TASK REQUIREMENTS: Produce exactly the lines from the one holding "Светильник MS-VORTEX-BUILT-S250x140-2x30W Warm3000" through the last line of the data below, with every picture left out.

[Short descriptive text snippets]
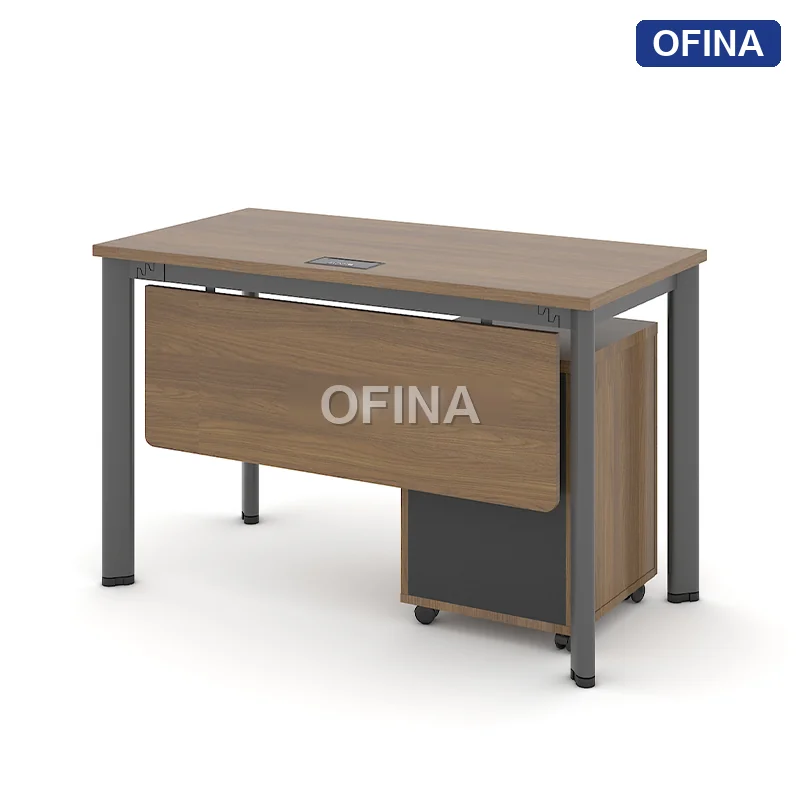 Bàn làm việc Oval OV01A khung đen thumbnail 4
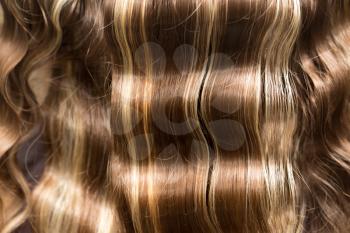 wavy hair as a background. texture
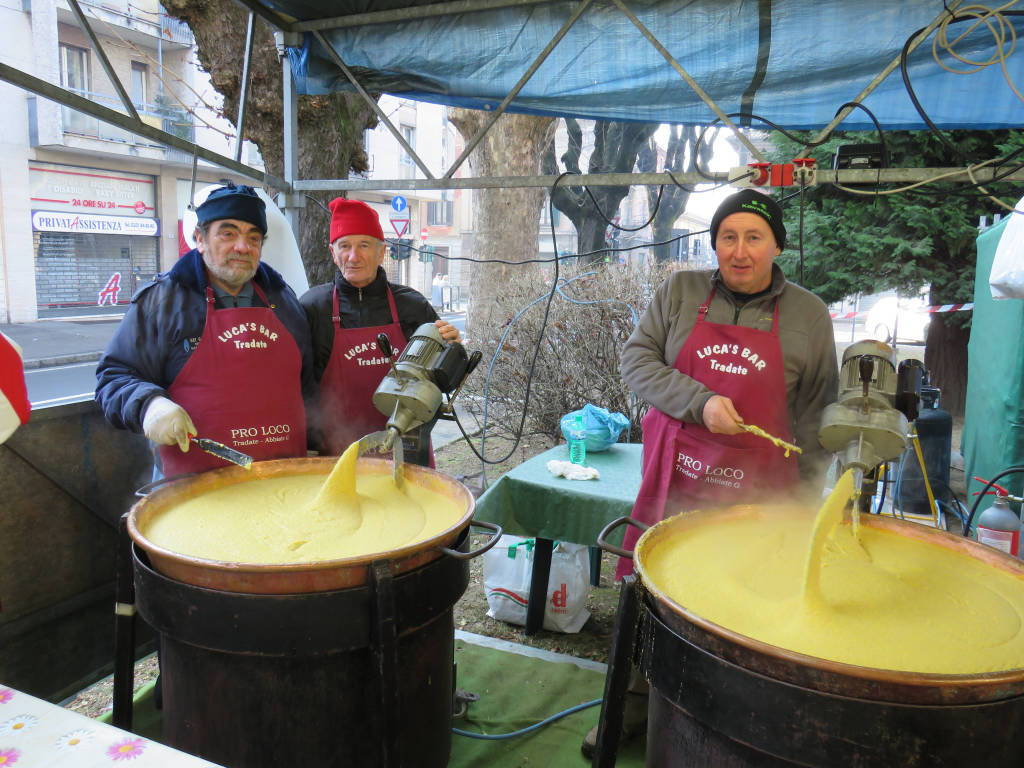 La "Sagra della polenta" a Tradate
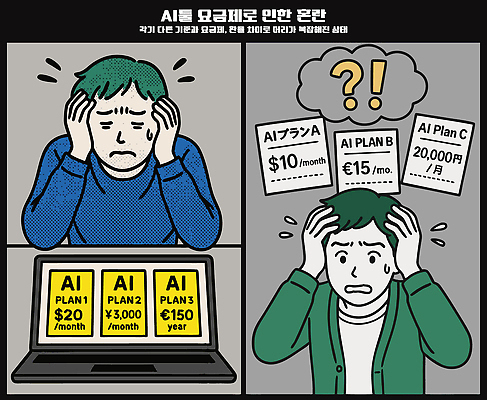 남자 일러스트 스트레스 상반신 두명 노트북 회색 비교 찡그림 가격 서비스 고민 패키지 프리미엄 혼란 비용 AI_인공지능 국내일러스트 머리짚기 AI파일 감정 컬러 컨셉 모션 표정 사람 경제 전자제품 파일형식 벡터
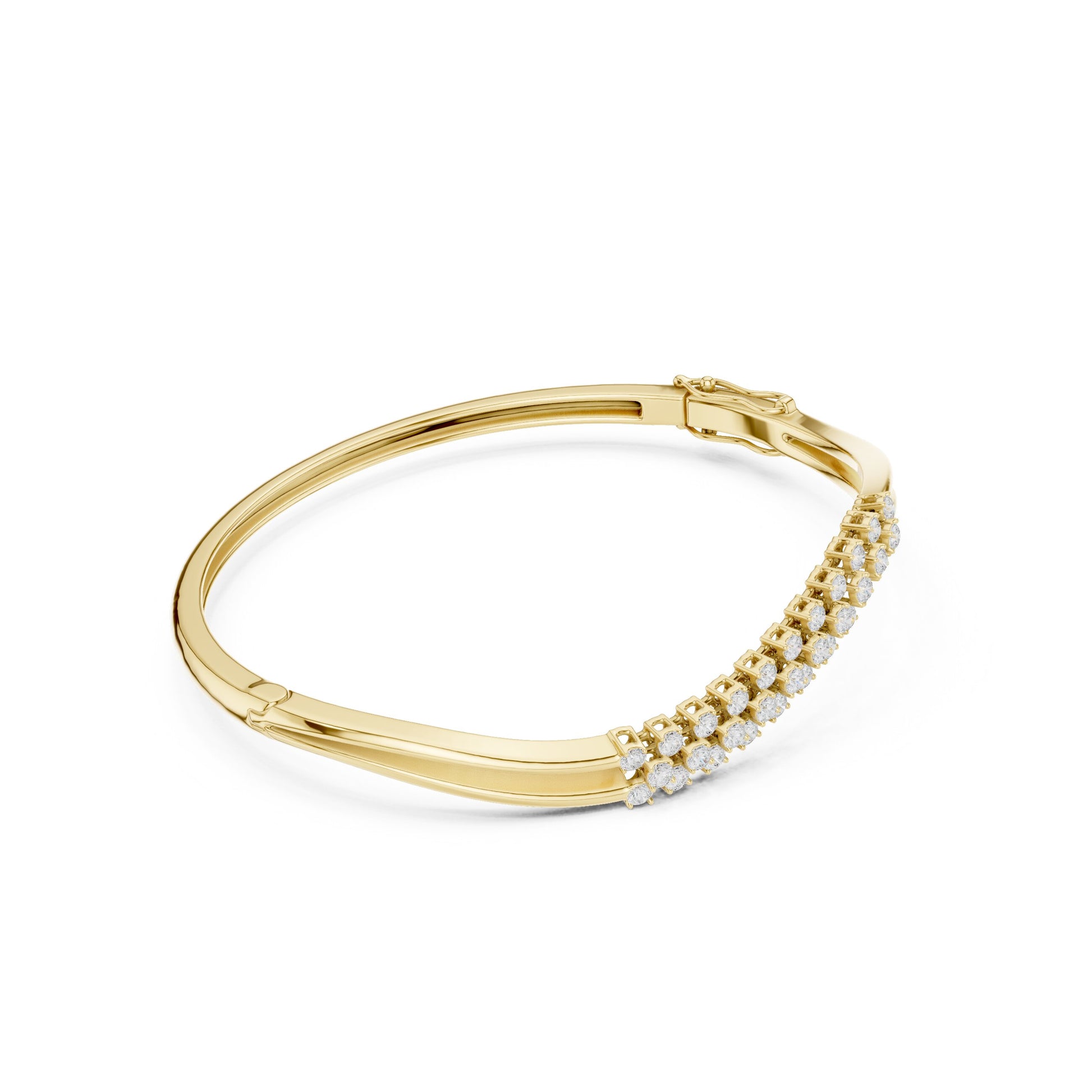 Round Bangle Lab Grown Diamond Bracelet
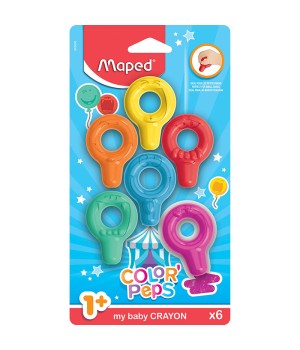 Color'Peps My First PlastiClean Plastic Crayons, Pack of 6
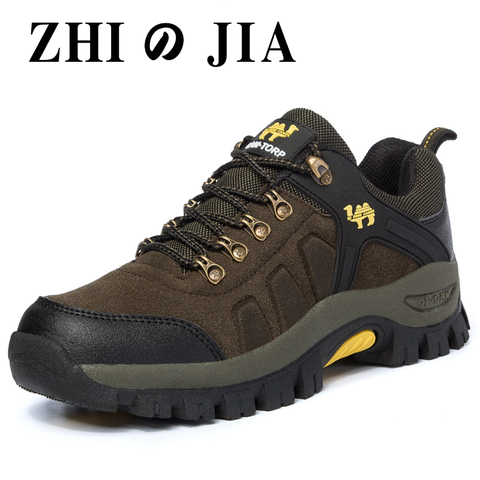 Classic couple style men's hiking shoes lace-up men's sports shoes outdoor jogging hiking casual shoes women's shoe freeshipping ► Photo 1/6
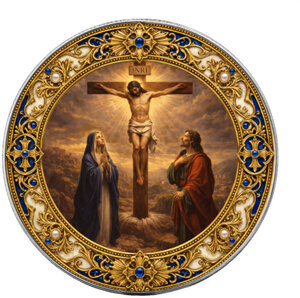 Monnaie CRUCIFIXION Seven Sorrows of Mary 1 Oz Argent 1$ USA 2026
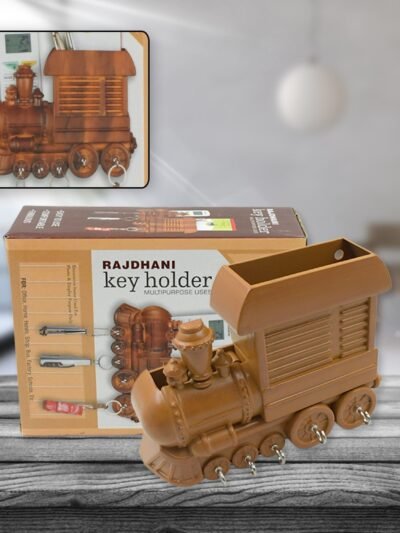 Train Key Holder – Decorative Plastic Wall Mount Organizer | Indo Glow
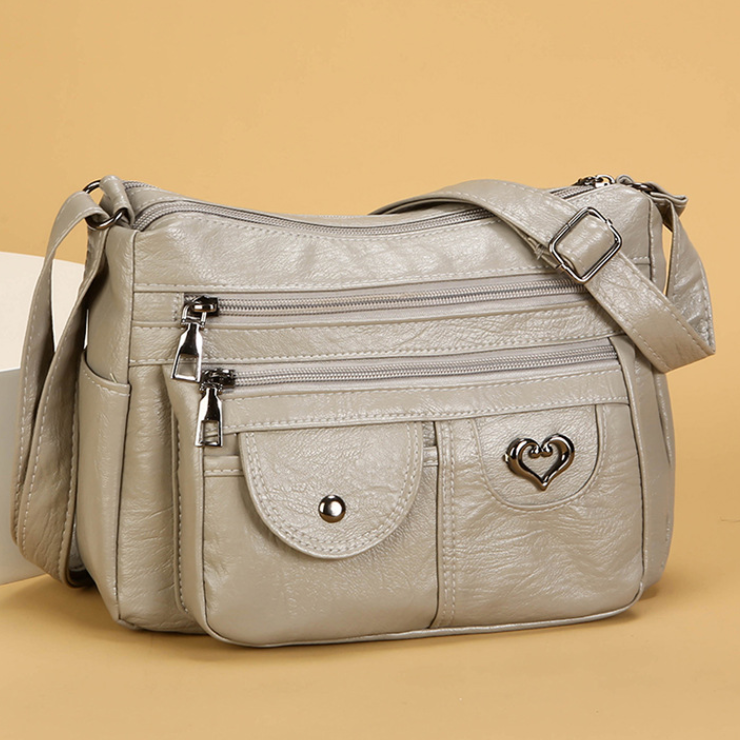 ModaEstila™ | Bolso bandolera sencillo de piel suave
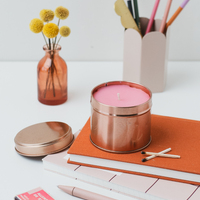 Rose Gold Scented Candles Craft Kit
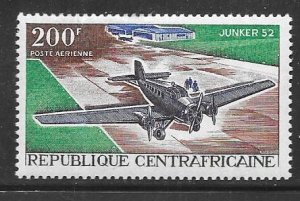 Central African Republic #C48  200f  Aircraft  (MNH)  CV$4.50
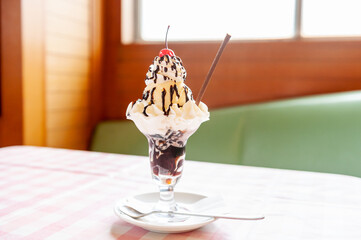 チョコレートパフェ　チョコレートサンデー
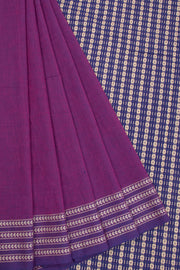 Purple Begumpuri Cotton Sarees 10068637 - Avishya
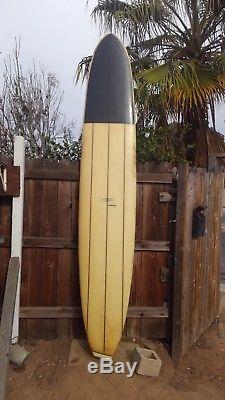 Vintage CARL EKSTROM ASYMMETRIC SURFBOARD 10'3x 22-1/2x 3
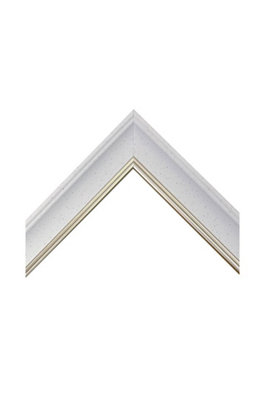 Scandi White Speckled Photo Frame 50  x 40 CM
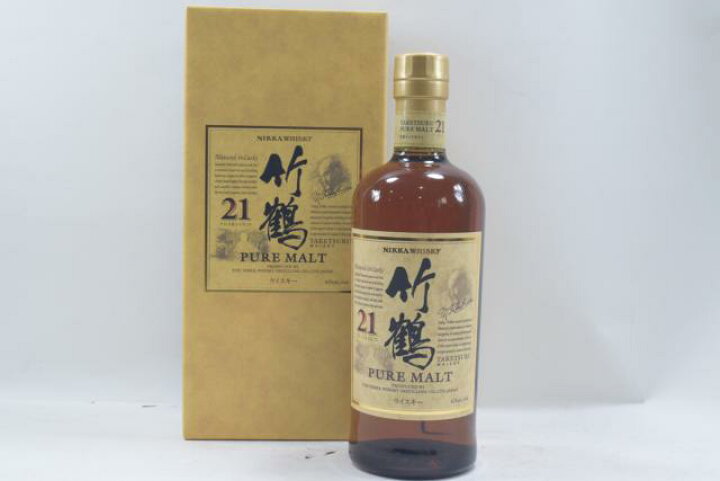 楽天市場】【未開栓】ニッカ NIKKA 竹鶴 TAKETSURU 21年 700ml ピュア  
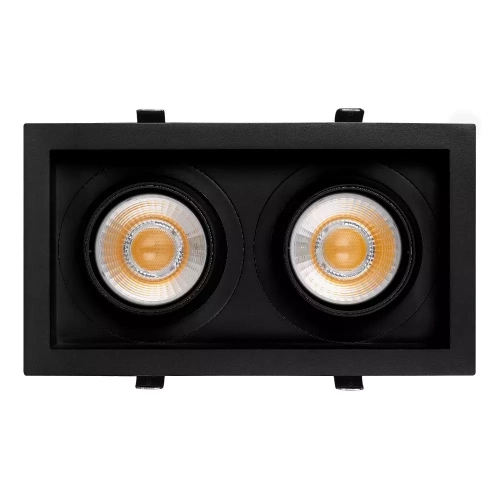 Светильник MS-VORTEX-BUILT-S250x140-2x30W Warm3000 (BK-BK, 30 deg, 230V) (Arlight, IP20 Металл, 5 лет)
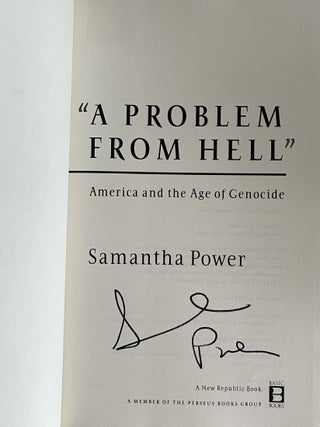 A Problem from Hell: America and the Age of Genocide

WRITTEN RESPONSE:
 Светильник MS-VORTEX-BUILT-S250x140-2x30W Warm3000 (BK-BK, 30 deg, 230V) (Arlight, IP20 Металл, 5 лет)
 A Problem from Hell: America and the Age of Genocide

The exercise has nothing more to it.